Blue lives matter is right about one thing: there’s a war against cops, but not all cops -- just cops that expose corruption, including violent acts committed by their brothers and sisters in blue. Here’s four people who served their communities, most for decades; people who sacrificed their careers to blow the whistle on corruption. These people, and too many others, are victims of the real war on cops.
1. Cariol Horne
Cariol Horne was fired for stopping abuse by one of her fellow officers, Gregory Kwiatkowski, who was choking a suspect. Kwiatkowski punched Horne, and yet she’s the one who was fired. Horne was charged with 13 counts, including obstruction, for intervening on behalf of the suspect. She was fired, one year short of 20 years on the force, and thus one year short of recieving a pension for her service.
2. Laura Schook
Laura Schook exposed corruption in her department, and faced retaliation: for instance, Schook alleged that officers were instructed not to send her backup. She was eventually fired by the New Albany Police Commission -- the same commission she went to for help exposing the corruption in the New Albany Police Department.
3. Joe Crystal
Joe Crystal, formerly a detective with the Baltimore Police Department, won the Commissioner's Award for his service as an officer. He was labelled a "rat cop" for reporting two officers for police brutality. Shunned by the department, he experienced retaliation for his good deed: among other things, a dead rat was left on his windshield and he was threatened with being charged with perjury after he testified. He left the department and Baltimore.
4. Shanna Lopez
Shanna Lopez, a rookie at the time, unintentionally reported fellow officers for corruption: they inflated their numbers by writing illegal tickets. She didn't know what they were doing was illegal, but the person she told did. She was forced into remedial training and desk duty, even though her numbers -- of arrests, tickets issued, etc. -- were stellar. One of the officers she reported was later charged with sexual assault, and committed suicide.
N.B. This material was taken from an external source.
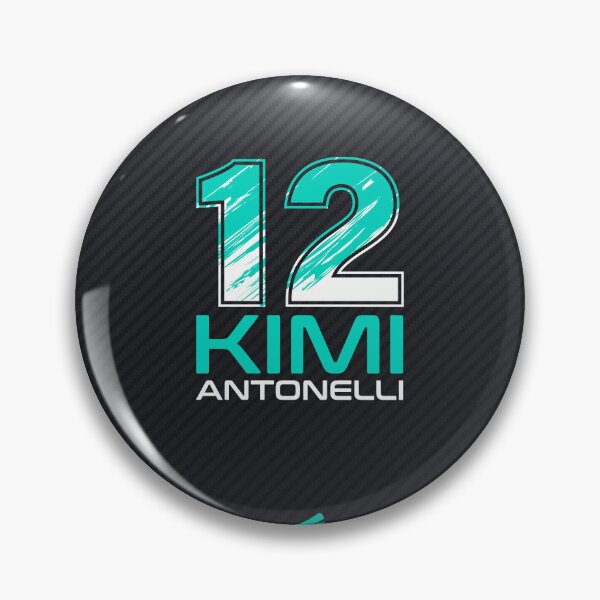 Item preview, Kimi Antonelli 12 designed and sold by PatternDesign01.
I am grateful for police -- I am even grateful for the cop who gave me a ticket for running a red light my senior year of high school, because it means he was paying attention and protecting other drivers, and me.
But the system of racism, brutality, sexism, and corruption in law enforcement departments is unacceptable. Good cops should not be expected to protect bad cops. Good cops should be celebrated; they should be promoted, and pass their morals and techniques onto other generations of cops.
Instead, good cops are fired for exposing the violent, ugly underbelly of their departments. Their good names are smeared; they will never do the job they love again, because no city's police department will hire them if they have an arrest record similar to Cariol Horne's, or were fired so early in their career, as Shanna Lopez was. They don't want someone like Joe Crystal or Laura Schook, who they know will sacrifice their careers to expose corruption and brutality.
So the next time you cite the war on cops to negate the Black Lives Matter movement, remember that the cops who are the real victims of that "war" have fought against the police brutality and corruption that inspired Black Lives Matter.